INFORMATION SHOWN
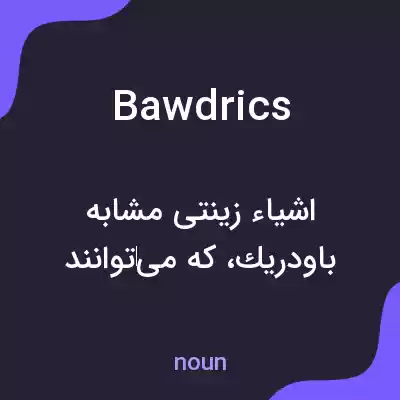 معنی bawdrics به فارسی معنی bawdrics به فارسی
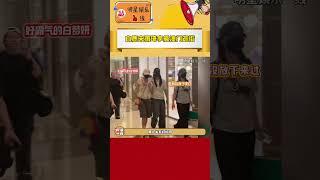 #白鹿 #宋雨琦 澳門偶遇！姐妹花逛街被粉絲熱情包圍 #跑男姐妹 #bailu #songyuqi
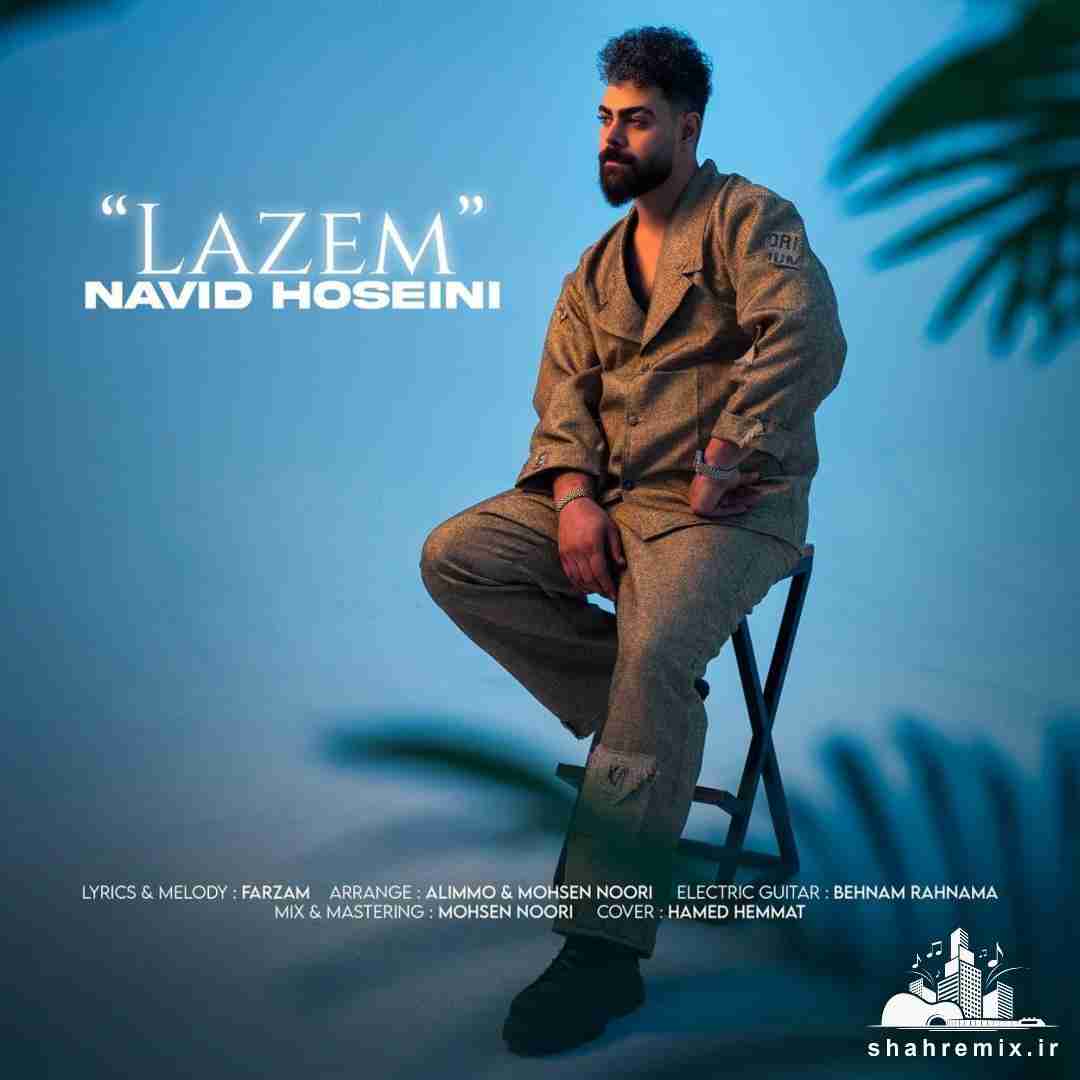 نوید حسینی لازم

WORK TO BE COMPLETED
Print the listing exactly, minus its pictures.

RESPONSE
 معنی bawdrics به فارسی معنی bawdrics به فارسی
 #白鹿 #宋雨琦 澳門偶遇！姐妹花逛街被粉絲熱情包圍 #跑男姐妹 #bailu #songyuqi
 نوید حسینی لازم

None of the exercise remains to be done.